─── DATA FOR REVIEW

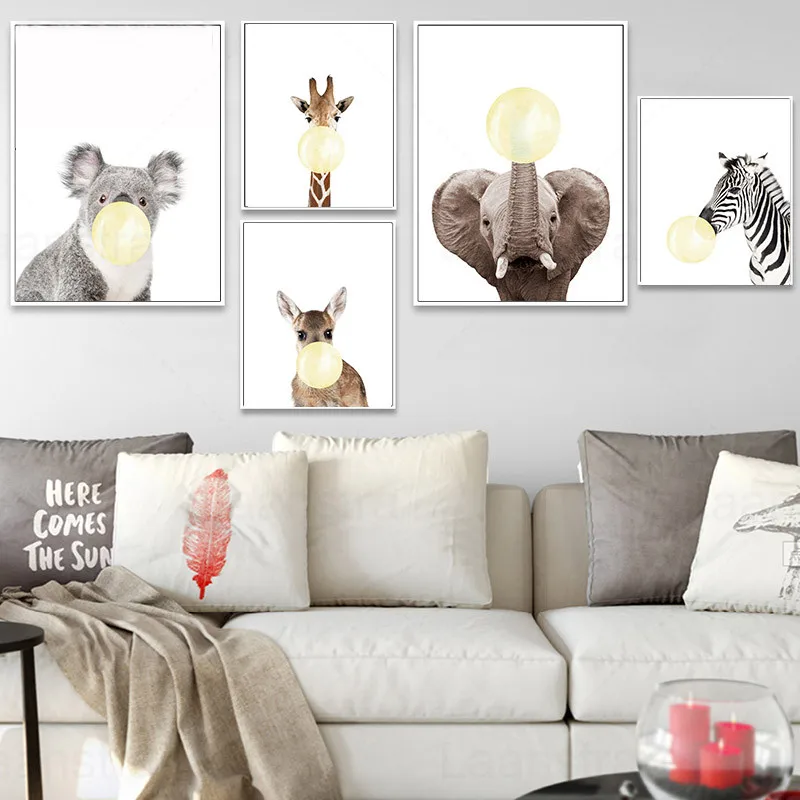 

Nordic Cartoon Poster Animal Atlas Wall Art Painting Cute Canvas Pictures for Kid's Room Nursery Modern Home Decoration No Frame
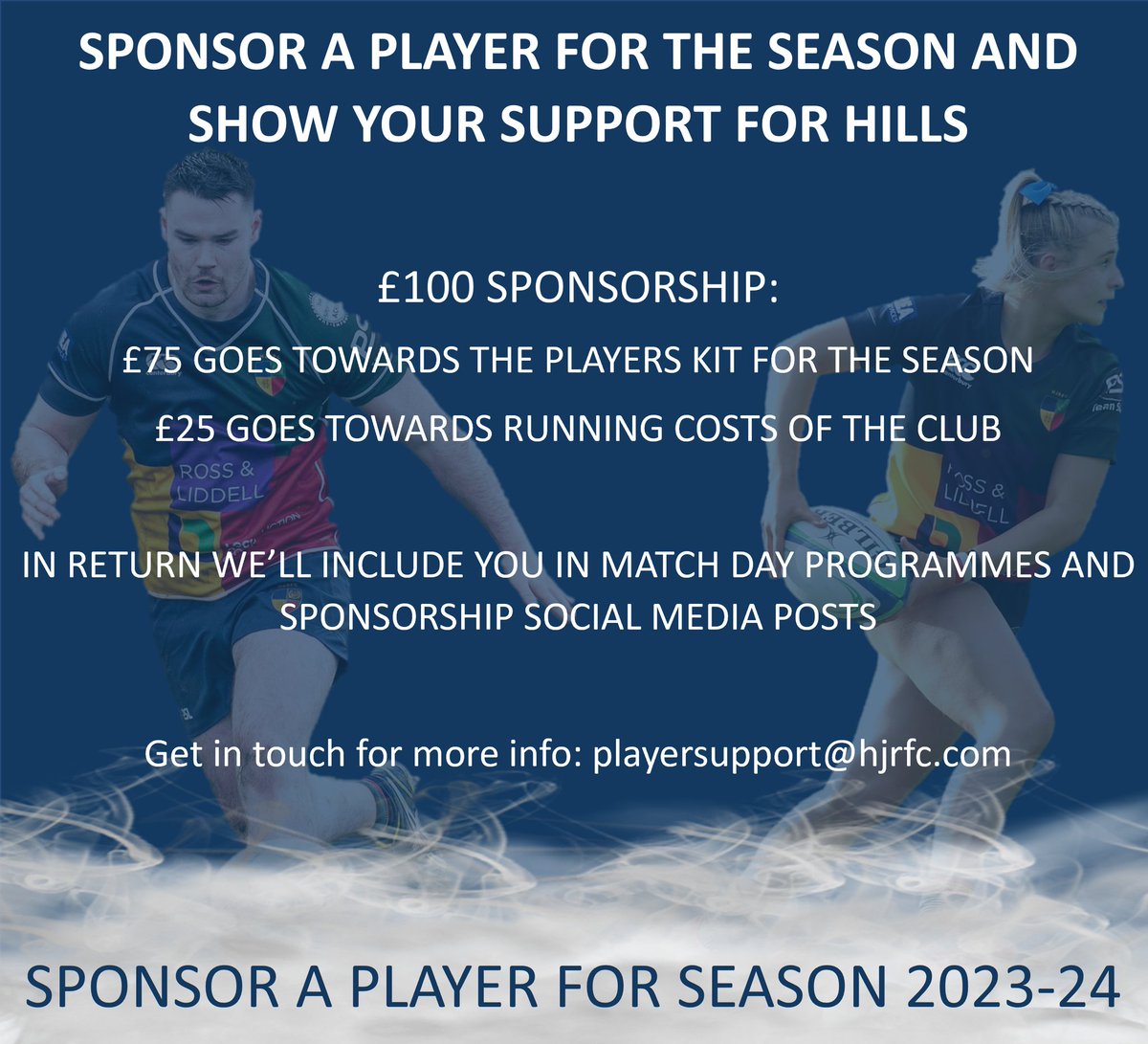 Sponsor a player for season 23/24

You can sponsor a player for the upcoming season for a donation of £100.
This donation goes towards kitting the player, as well as helping with the running costs of the club.

See our website for more info: hjrfc.com/support-us/pla…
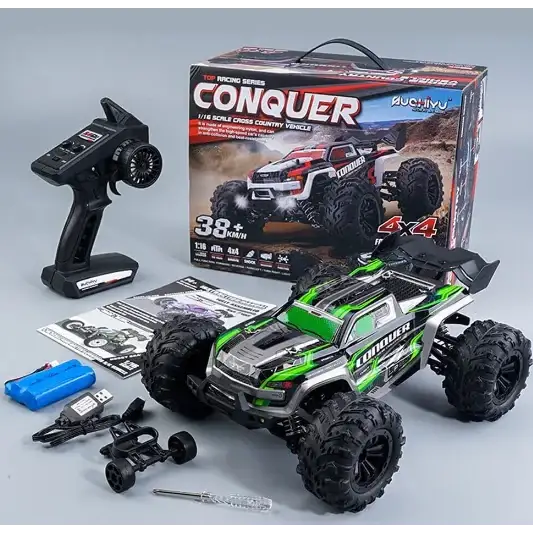 Green and black 1/16 scale rc off-road truck with rugged tires, detailed bodywork, and a ’conquer’ logo on the side.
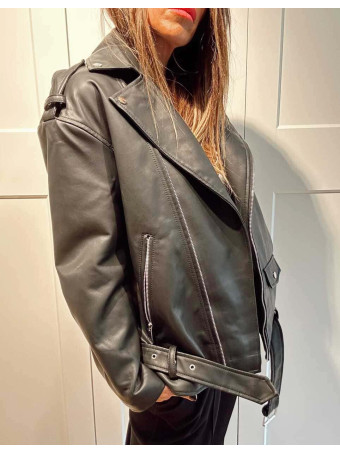 Cazadora Biker Polipiel DRAYVEN Negro HEVE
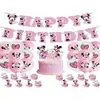 Mickey e Minnie Rainha da Neve Princesa Tema Festa de Aniversário Bandeira Balão Topper de Bolo Pingente Espiral Atacado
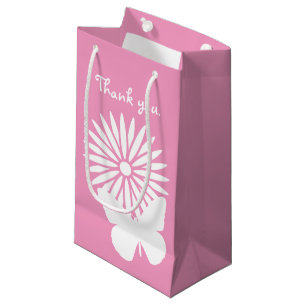Daisies en Butterflies in Petal Pink Gift Bag Klein Cadeauzakje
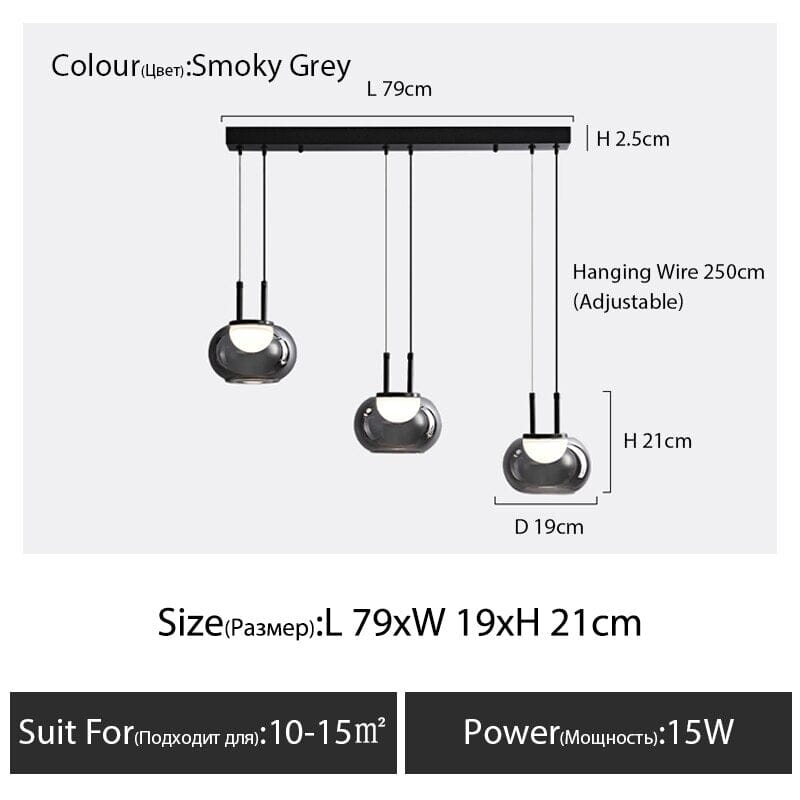 NordicLume Glass Pendant Lights Golden Hue Chandelier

──────

Copy every line of the entries in which "donation" can be found.

■ TASK SOLUTION
You can sponsor a player for the upcoming season for a donation of £100.
This donation goes towards kitting the player, as well as helping with the running costs of the club.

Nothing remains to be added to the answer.